Figure 16 shows the daily electricity price, PV generation, PEV charging load and total load of the OAKA microgrid when the PEV number is 500 and for different PV generation and charging strategies. The number of PEVs that is selected to be demonstrated in
Figure 16 is 500 because their charging load is the highest and it can be observed better the influence of the PEV charging load on the microgrid total load curve. It can be observed that when the uncoordinated charging strategy is applied, the electricity price and the PV generation do not affect the total load of the microgrid as the PEV charges after they plug-in without taking into consideration any other factors (
Figure 16a,b). On the other hand, when s1 is applied, the PEV charging load influences the total demand of the microgrid significantly, as is shown in
Figure 16c,e. The peak demand of the microgrid is shifted during the time slots where the electricity price is low and new peak demand is created during the time slots where the electricity price is high. In addition, when the PV generation is introduced, s2, to the proposed charging strategy (
Figure 16d,f), a part of the charging load is shifted to the time slot where the PV generation is high, and the electricity price is low.

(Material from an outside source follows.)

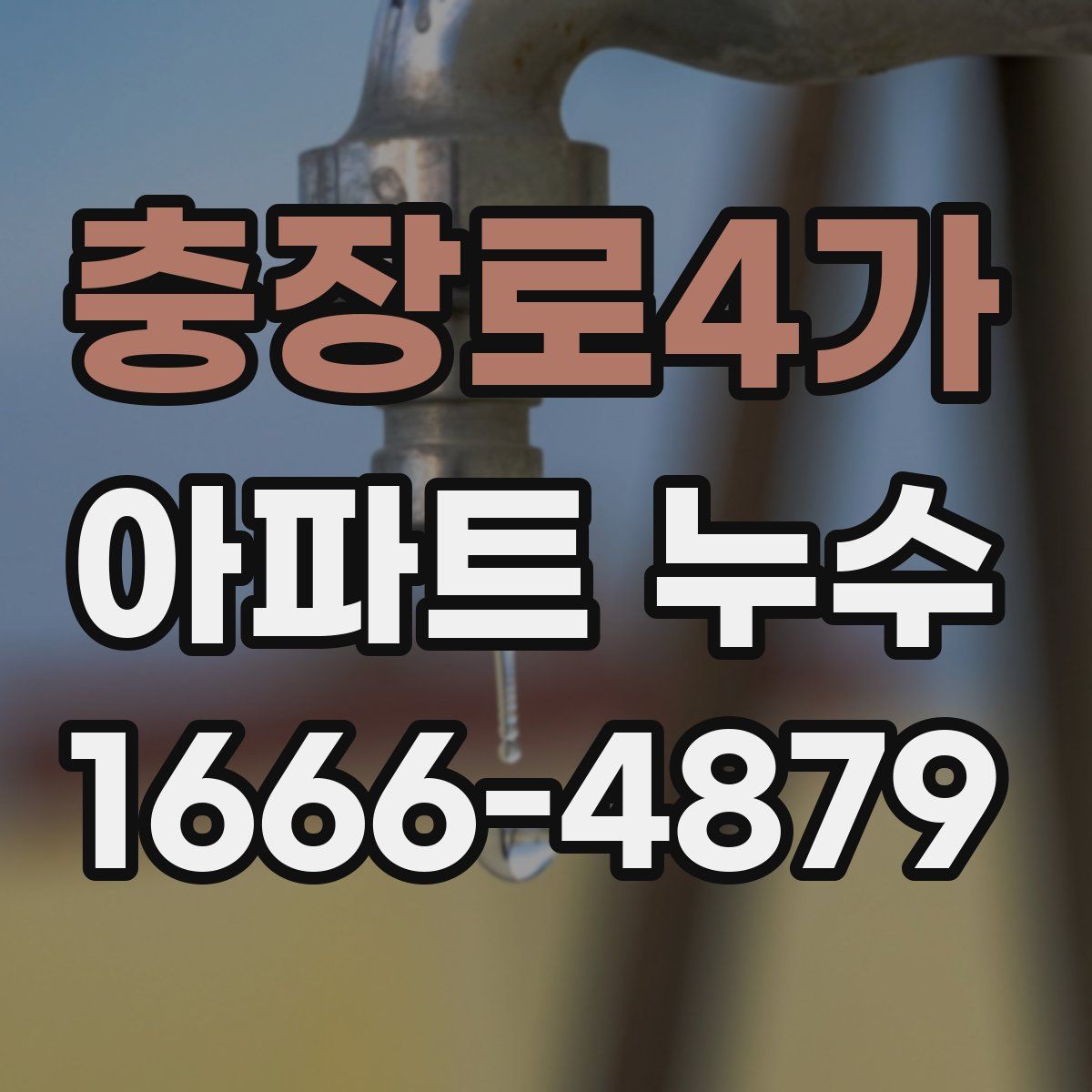 충장로4가 아파트 누수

The assessment of the profitability of the PV investment in a microgrid equipped with PEV charger was examined in this study. The key finding from the results is that the application of a smart charging strategy and V2G can increase the NPV of the PV investment in a microgrid. In addition, the proposed charging algorithm can change the load curve when the PEV charging load is substantial, by scheduling the charging of the PEVs when the electricity price is low and the discharging when the electricity price is high, as shown in
Figure 16. Some limitations of the approach of this study are that the charging policies, the electricity price, the microgrid load, and the solar irradiation prediction remain constant during the investment lifetime.

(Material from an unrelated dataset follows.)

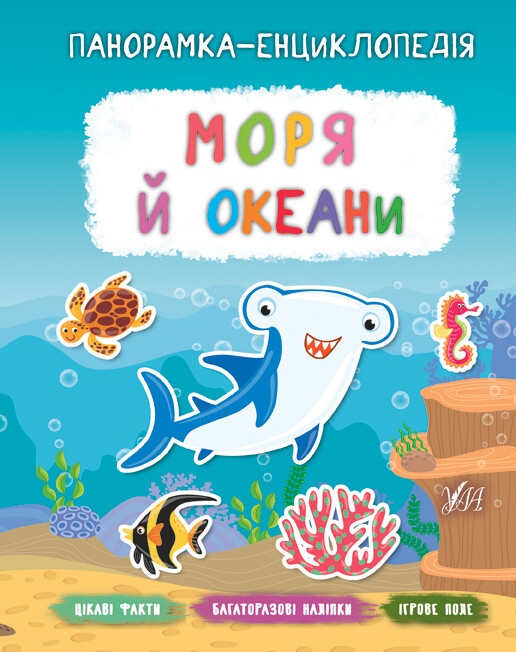 Панорамка-енциклопедія. Моря й океани. Багаторазові наліпки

Moreover, the charging policies play a significant role in the profits of the microgrid. In this study it is assumed that the profits of V2G will be collected from the microgrid. However, part of the profits could go to the PEV drivers. In addition, charging policies should take into consideration the cost of battery degradation caused by the participation of PEVs in V2G. Furthermore, not all drivers would accept to participate in V2G. Hence, the profit of the microgrid would be reduced. While the model considers the uncertainties of the electricity price, the microgrid load and the solar irradiation, no specific prediction model for the drivers’ incentives was used. These factors can potentially change the anticipated results. Finally, the arriving and departure of PEVs is assumed to be similar to the first year. The PEV consumption profile has a major effect on the optimization problem. The accuracy of this profile is able to render the study reliable enough. However, the stochastic behavior of PEV drivers cannot guarantee a perfectly accurate profile.